* DESCRIPTION OF THE TASK: Would you retype the lines from the one that holds "Emilie Popp recieving" to the final line of the entries below, both ends included and exactly as written, but without pictures?

* Recorded data:

__________

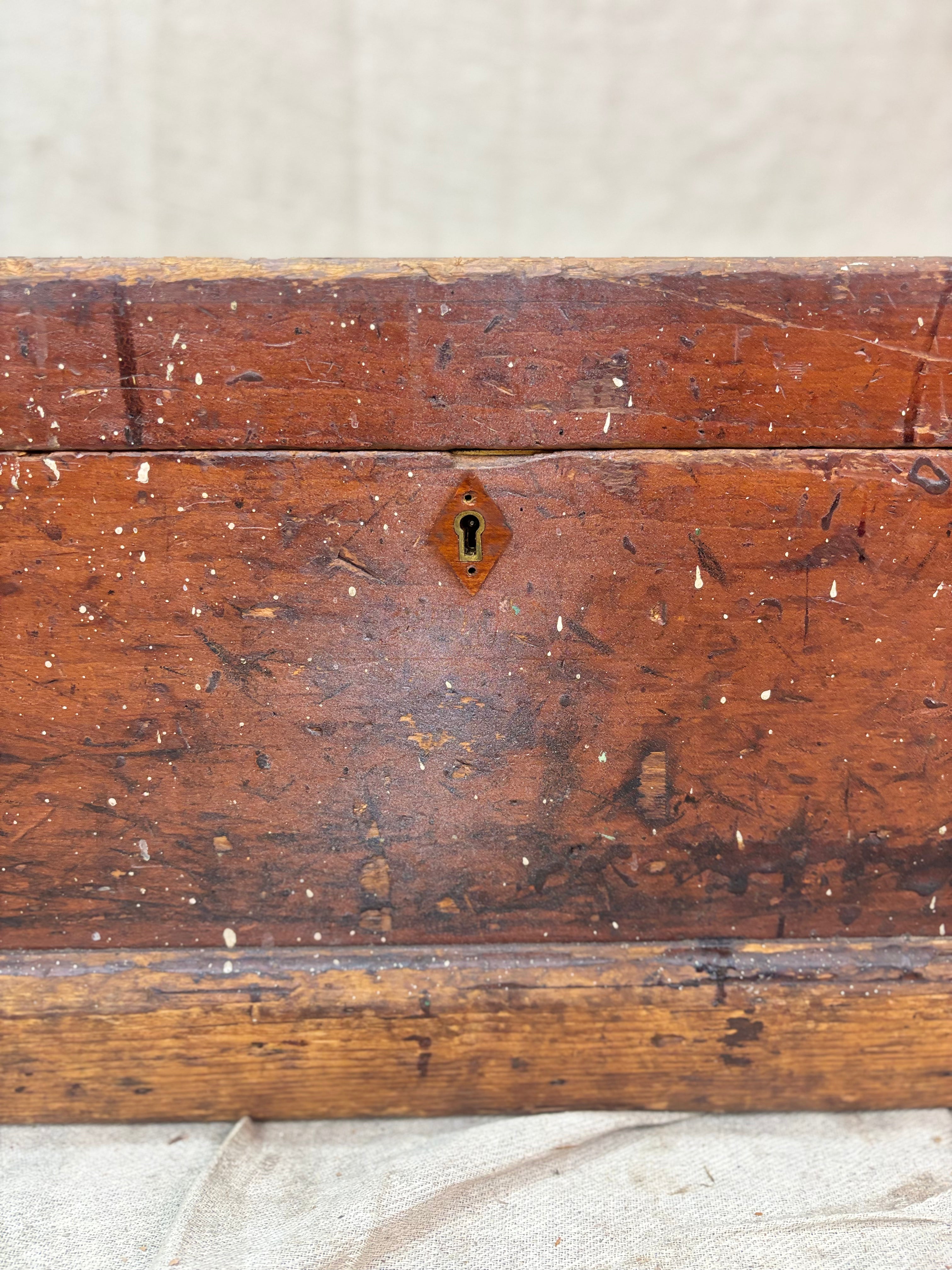 Close-up of a wooden chest with a keyhole on a textured surface
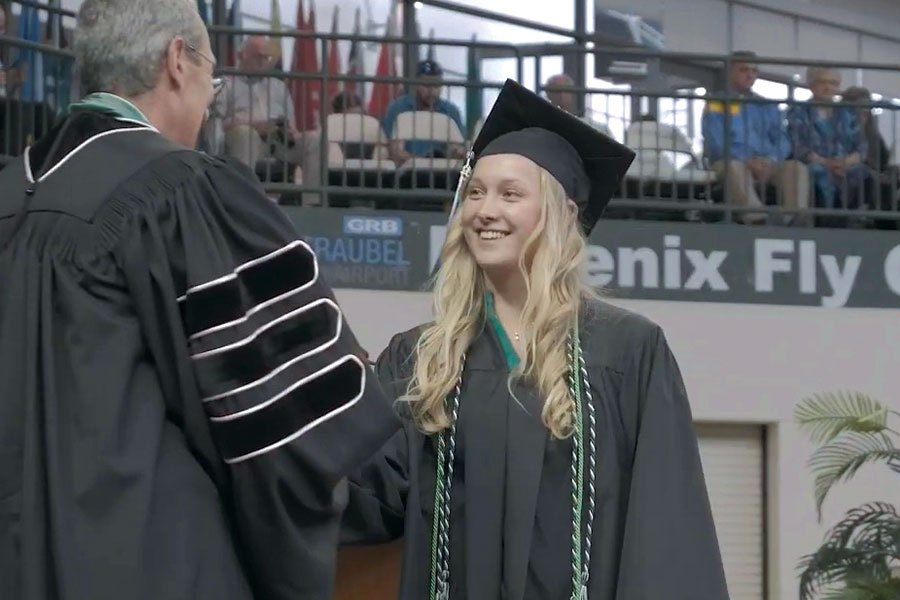 Emilie Popp recieving her diploma at graduation.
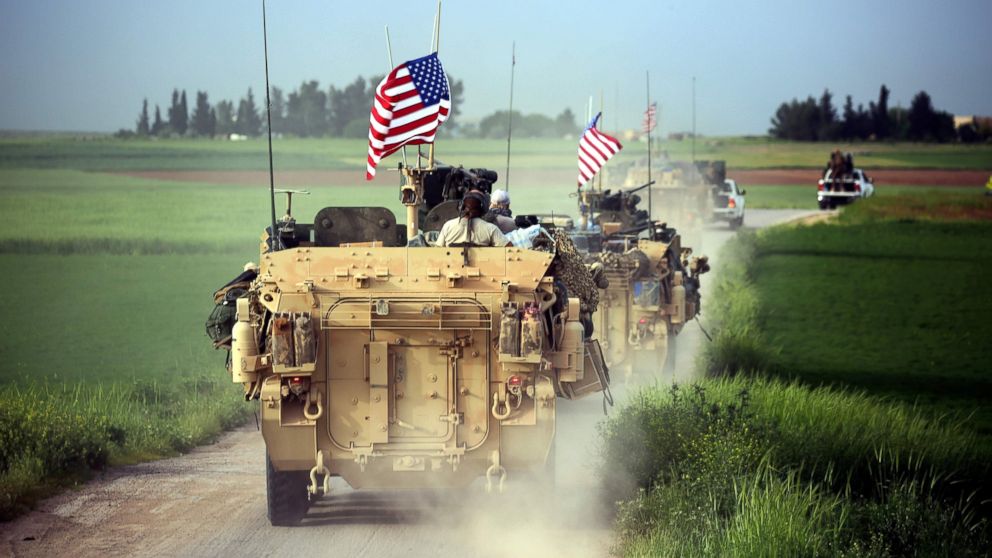 U.S. forces, accompanied by Kurdish People's Protection Units (YPG) fighters, drive their armored vehicles near the northern Syrian village of Darbasiyah, on the border with Turkey, on April 28, 2017. 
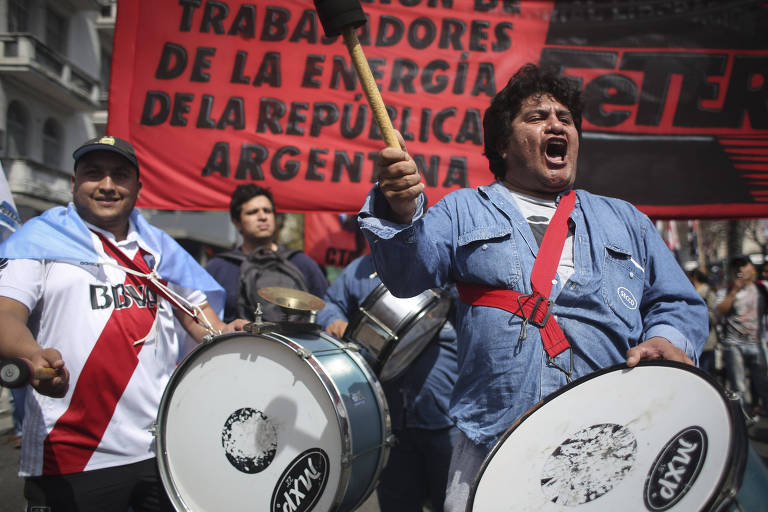 Dois sindicalistas aparecem tocando tambores. Atrás, há uma faixa vermelha com letras pretas do sindicato dos trabalhadores da energia da República Argentina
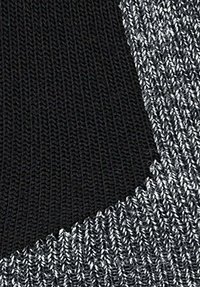 Tessuto a maglia che mostra un mix di fili neri e argento metallico. La texture è liscia con una trama stretta, caratterizzata da un contrasto di colori distintivo.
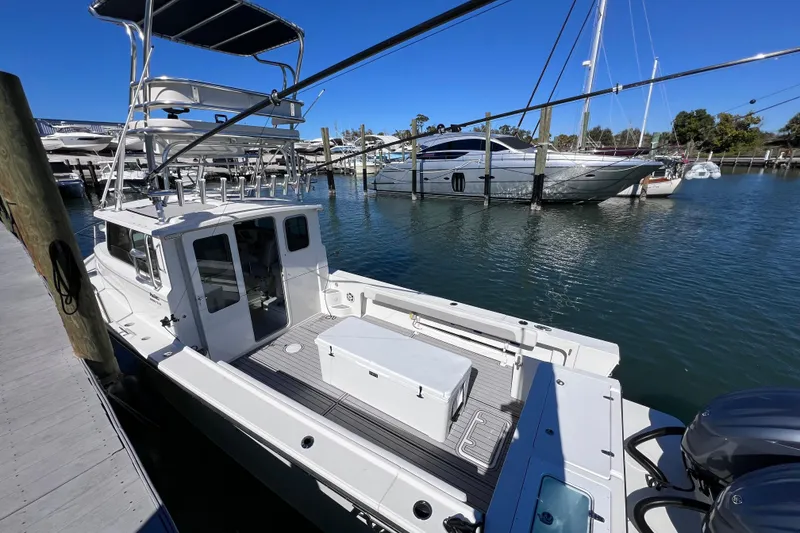 Slide: The Image of 2023 Parker 2820 XLD Sport Cabin boat docked at marina, clear blue sky. - 28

__________

* ANSWER SECTION:
 Emilie Popp recieving her diploma at graduation.
 U.S. forces, accompanied by Kurdish People's Protection Units (YPG) fighters, drive their armored vehicles near the northern Syrian village of Darbasiyah, on the border with Turkey, on April 28, 2017. 
 Dois sindicalistas aparecem tocando tambores. Atrás, há uma faixa vermelha com letras pretas do sindicato dos trabalhadores da energia da República Argentina
 Tessuto a maglia che mostra un mix di fili neri e argento metallico. La texture è liscia con una trama stretta, caratterizzata da un contrasto di colori distintivo.
 Slide: The Image of 2023 Parker 2820 XLD Sport Cabin boat docked at marina, clear blue sky. - 28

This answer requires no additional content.